Miré a quienes podían ser mis compañeros. Tad rehuyó mi mirada y se
frotó las manos de forma un poco ansiosa. Oscar mantenía una sonrisa por
su propio chiste. Un chico de pelo castaño y mandíbula cuadrada me
devolvía la mirada sin compasión alguna. Otro de pelo rubio se reía de mí disimuladamente. Y el último, un pelirrojo, tenía la cabeza ladeada y
parecía que me estaba analizando.
Un momento.
Revisé mejor a ese último. Alto, esbelto, piel paliducha, pelo pelirrojo,
pecas en la cara y ojos dorados. Mierda. Víctor. ¡¿Todavía jugaba en ese
equipo?! Debió de ver el momento exacto en que lo reconocí, porque, muy
lejos de sonreírme o darme ánimos, apartó la mirada y pasó de mí.
Ese sí que era un puñetero.
Oye, no me robes los insultos.
La última vez que había hablado con Víctor, pese a ser vecinos, había
sido dos o tres años atrás. Después de una amistad de milenios con su
hermana Rebeca y nuestra amiga Livvie, cada uno había tomado su propio
camino por motivos que tampoco hacía falta recordar. El problema fue que
yo no acepté esa separación y, por algún motivo estúpido, pensé que sería
buena idea declararle mi amor en una carta llena de purpurina y
corazoncitos.
Por una vez en la vida que me puse romántica… y salió como el culo.
Básicamente, creí que sería más bonito dejarle eso en la taquilla que
mandarle un mensaje de texto —porque lo de decirlo en persona estaba
muy descartado—. El plan era que lo leyera y me contestara; así que,
imagínate mi sorpresa cuando, al día siguiente, fingió que no había visto
nada. Me miraba de reojo en los pasillos y en clase, pero no me dirigía la
palabra.
Y entonces, el muy puerco, se lo contó a sus amigos.
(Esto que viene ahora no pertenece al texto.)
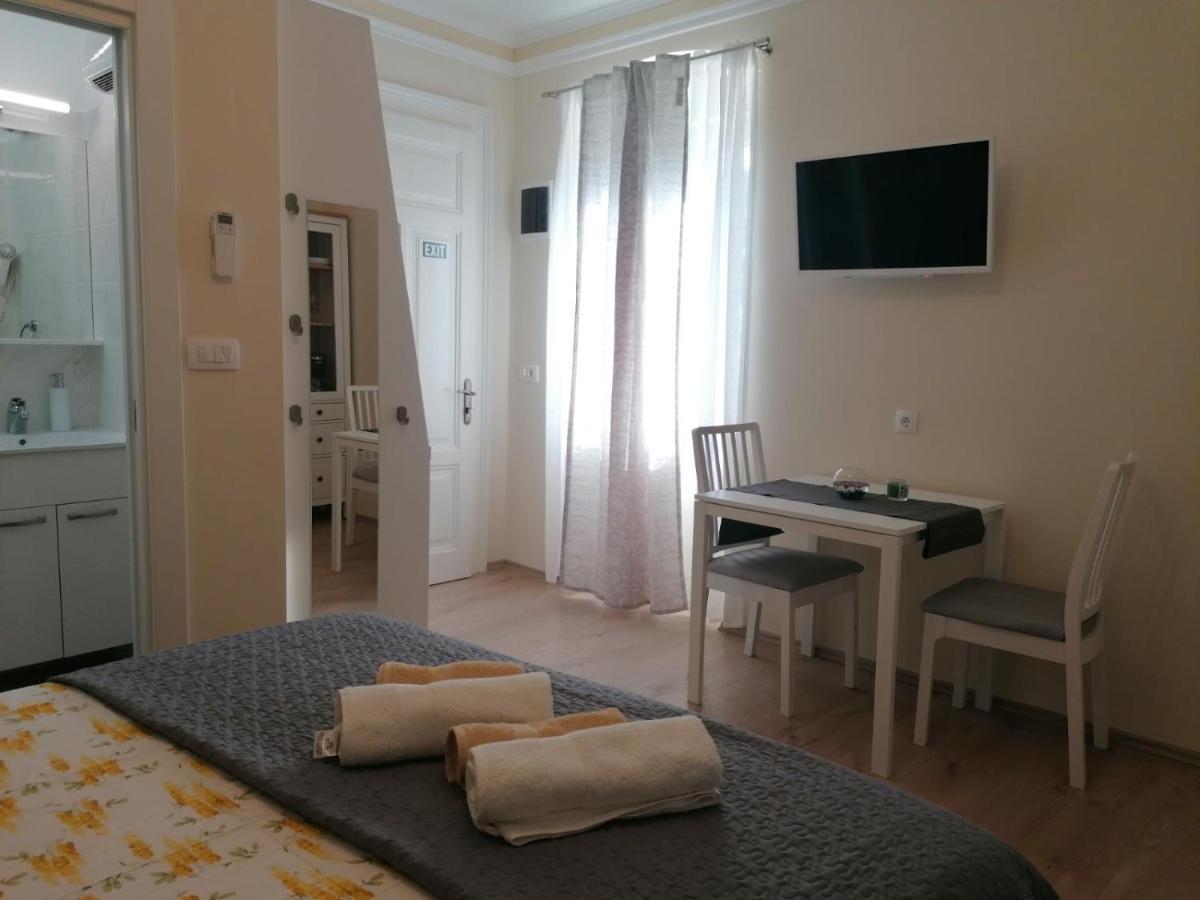 Apartman Lusetic Opatija Exterior foto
Las burlas de los demás murieron pronto, porque a los pocos días perdí la
razón y a uno de ellos le metí la cabeza en la basura. No me arrepiento de
esa parte. De la bronca de papá y mamá… sí que me arrepiento un poquito.
Y eso era lo último que había sabido de él. Ni siquiera estaba al corriente
de que, más allá del instituto, hubiera seguido en el equipo de baloncesto.
¿Habría alguna forma de evitarlo, pasando tantas horas juntos? Bueno, si él
era el polo norte y yo el sur, el equipo sería el continente que solo
pisaríamos para darnos guerra. Él sería el Joker y yo Batman. Él, Darth
Vader, y yo, Luke Skywalker. Él, Alien, y yo, la comandante Ripley. Él,
Voldemort, y yo, Ha…
Vale, lo pillamos.
Lo siento, muchas horas viendo películas.